There are some promising transfer and semi-supervised learning techniques that, we gather, may provide alternatives to gathering these domain-specific corpora of data, especially for generic domains such as image, video and language understanding. However, the state of the art doesn’t seem to offer enough just yet, and particularly not for specific domains.

Building a Business on Machine Learning

We started this article with a strong statement: the best products in the world are made by vertically integrated businesses. Now that we appreciate the importance of domain expertise and large, labeled data sets in building ML models we can hopefully see that any startup based on such ML models needs to integrate their business with a cadre of domain experts and troves of labeled data. Ideally, that startup would have exclusive access to these things to prevent other companies building ML models of similar accuracy.

Vertically integrating domain experts and data sources by paying salaries and licensing fees, respectively, is often too expensive.

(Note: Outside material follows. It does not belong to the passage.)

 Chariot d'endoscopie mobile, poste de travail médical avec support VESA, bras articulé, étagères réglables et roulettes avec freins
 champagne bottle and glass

Rather, we’d suggest a sort of ‘virtual integration’. This was a term coined by Michael Dell to describe, “stitch[ing] together a business with partners that are treated as if they’re inside the company.” [5]

Bringing on Domain Experts

Ideally, the founders of a startup would have relevant domain expertise. However, it’s not always realistic to expect a 2–3 person founding team to incorporate domain experts in addition to the ML, software engineering and business talent required of any startup in this space. Startups can access domain expertise by:

  • working very closely with customers. Just listening to customers through a good customer development process will yield valuable insights from these domain experts on drivers of predictive models;
  • bringing on advisors with many years of experience in a particular domain;
  • hiring consultants; and
  • many other ways, including just reading about the first principles relevant to their domain.

Incidentally, domain experts can also:

  1. help to contextualize algorithms and analytics to the business case and domain;
  2. help to empathize with customers; and
  3. prevent you from using the inevitable nonsensical or spurious operations of your model.

Acquiring Labeled Data

Ideally, a startup would have a trove of great data so that it can just get to feature engineering on Day Zero. However, data sets come in different degrees of volume and veracity. Often, the dataset one uses to build a proof of concept won’t be big enough or of a high enough quality to build a model with level of accuracy required in commercial and industrial settings. Startups can access big, labeled datasets by:

  • working very closely with customers to find data they already have;
  • scouring the real world and the Web (including the Dark Web) for both free and paid data sets;
  • setting up a network of sensors that deliver some basic analytics to customers, collecting the data along the way;
  • building a domain-specific app that collects data; etc.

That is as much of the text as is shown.